- _Assignment_
Write out word for word the lines from the one holding "Slide: The Image" through the end of the data, and only those lines. Pictures stay out.

- _The data_
-----

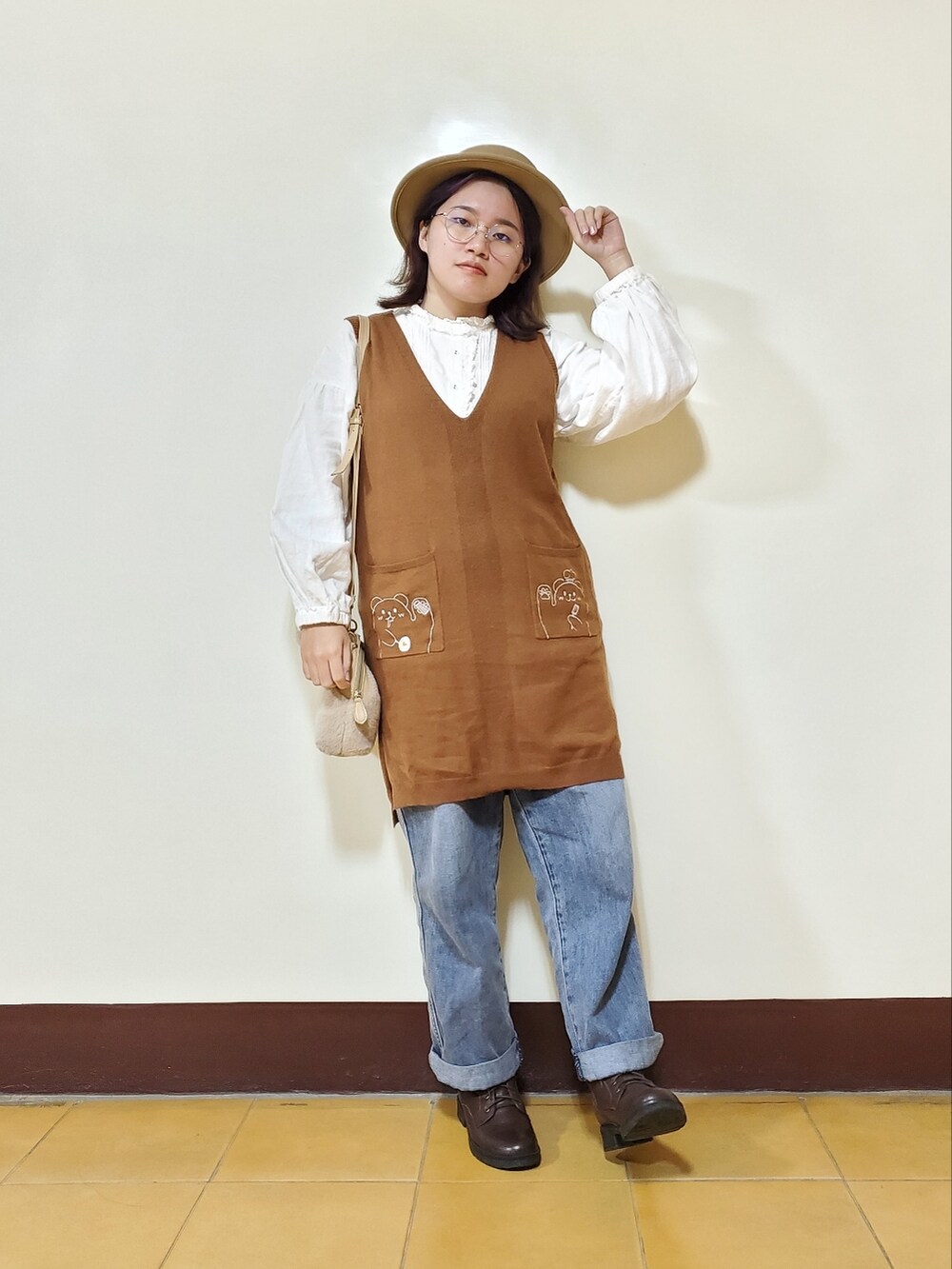 オレンジ系のその他アウター、ホワイト系のベスト、ブラウン系のワンピース/ドレスを着用したレディースの冬コーディネートの5枚目の写真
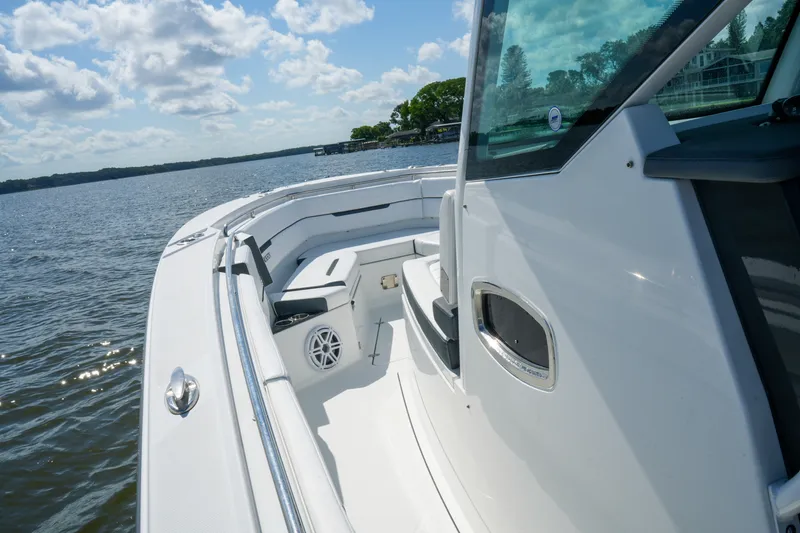 Slide: The Image of 2023 Blackfin 332 CC boat on calm water under a partly cloudy sky. - 32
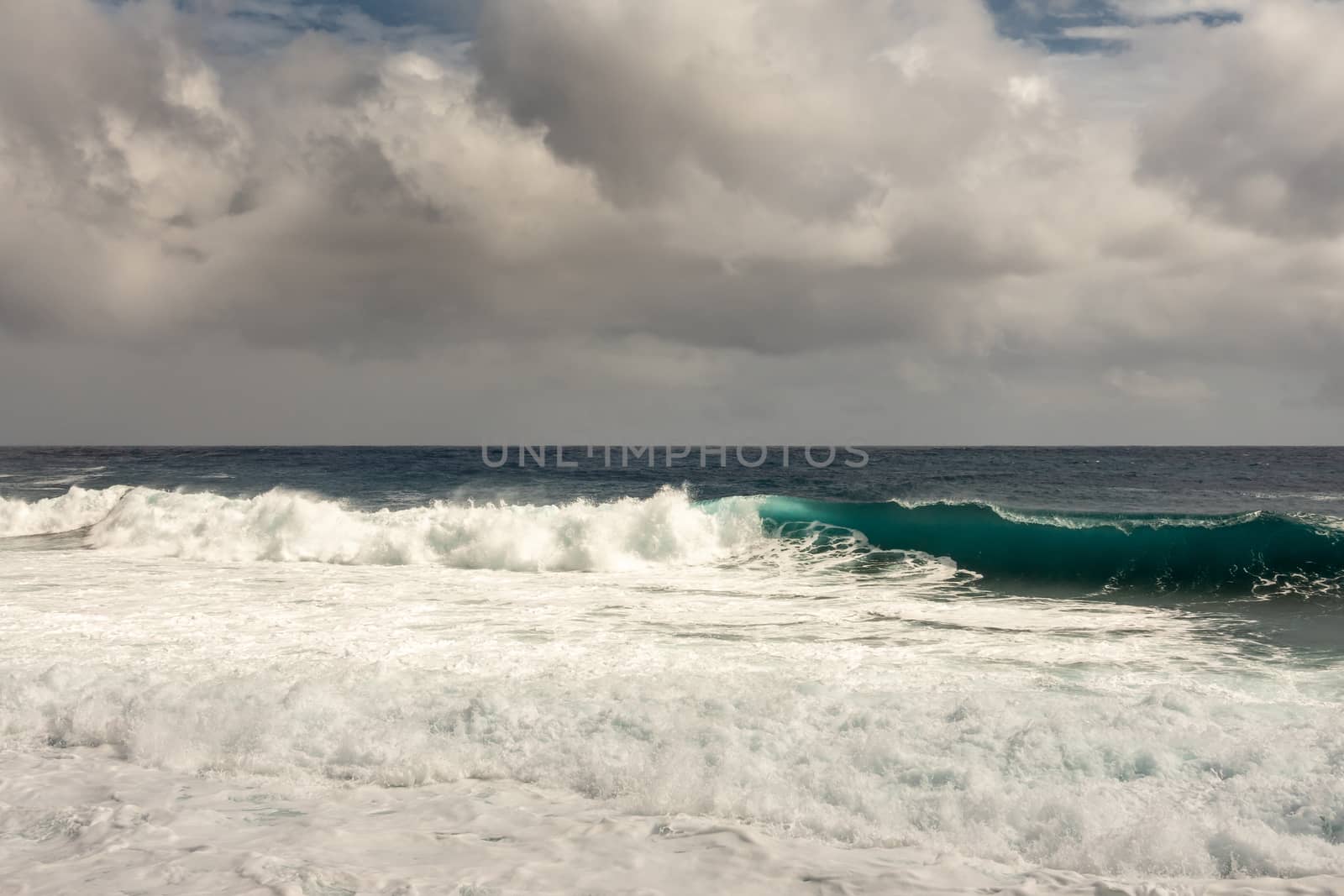 Kaimu Beach, Hawaii, USA. - January 14, 2020: Dark ocean under heavy gray cloudscape produces white surf when azure wave turns and crashes.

-----

- _Your response_
 Slide: The Image of 2023 Blackfin 332 CC boat on calm water under a partly cloudy sky. - 32
 Kaimu Beach, Hawaii, USA. - January 14, 2020: Dark ocean under heavy gray cloudscape produces white surf when azure wave turns and crashes.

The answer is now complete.